Re: [PATCH 1/1] drm/xe/eustall: Add workaround 14027094826 to graphics IP 35.11

All of lore.kernel.org
 help / color / mirror / Atom feed

From: Harish Chegondi <harish.chegondi@intel.com>
To: Matt Roper <matthew.d.roper@intel.com>
Cc: <intel-xe@lists.freedesktop.org>, <harish.chegondi@intel.com>
Subject: Re: [PATCH 1/1] drm/xe/eustall: Add workaround 14027094826 to graphics IP 35.11
Date: Tue, 16 Jun 2026 15:57:40 -0700	[thread overview]
Message-ID: <ajHU5EFJw-Lpy7Zd@intel.com> (raw)
In-Reply-To: <20260612212543.GJ6214@mdroper-desk1.amr.corp.intel.com>

On Fri, Jun 12, 2026 at 02:25:43PM -0700, Matt Roper wrote:
> On Thu, Jun 11, 2026 at 04:34:27PM -0700, Harish Chegondi wrote:
> > Before enabling EU stall sampling, write 0x20 to the SWF scratch pad
> > register. When the firmware sees this register set to 0x20,
> > it applies its part of the workaround and sets the scratch pad register
> > to 0x60.
> > 
> > Before disabling EU stall sampling, write 0x40 to the SWF scratch pad
> > register. When the firmware sees this register set to 0x40, it reverts
> > its part of the workaround and sets the scratch pad
> > register to 0.
> > 
> > Bspec update for the SWF scratch pad register is still pending, but has
> > been confirmed offline with the firmware team.
> 
> I think the key point we should try to get across in the commit message
> is that a firmware component, not the driver, is responsible for the
> actual implementation of this workaround, but that firmware needs the
> driver to notify it whenever EU stall sampling is being enabled/disabled
> so that it can do the necessary actions on its side.  A specific
> register is being used to communicate requests/acks about the
> enable/disable status between Xe <-> firmware.

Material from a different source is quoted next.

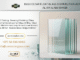 CLEAR FLOAT GLASS WHOLESALER AL AIN
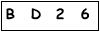 salt-5F62C3FF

I will improve the commit message to convey this in the next version of
the patch.

> 
> Hmm, what's actually documented in the workaround database right now
> says that the Xe <-> firmware communication is supposed to happen on
> register EUSTALL5 (i.e., 0x53c[9:3]), not the scratchpad register we're
> using here.  Is the workaround database's description outdated?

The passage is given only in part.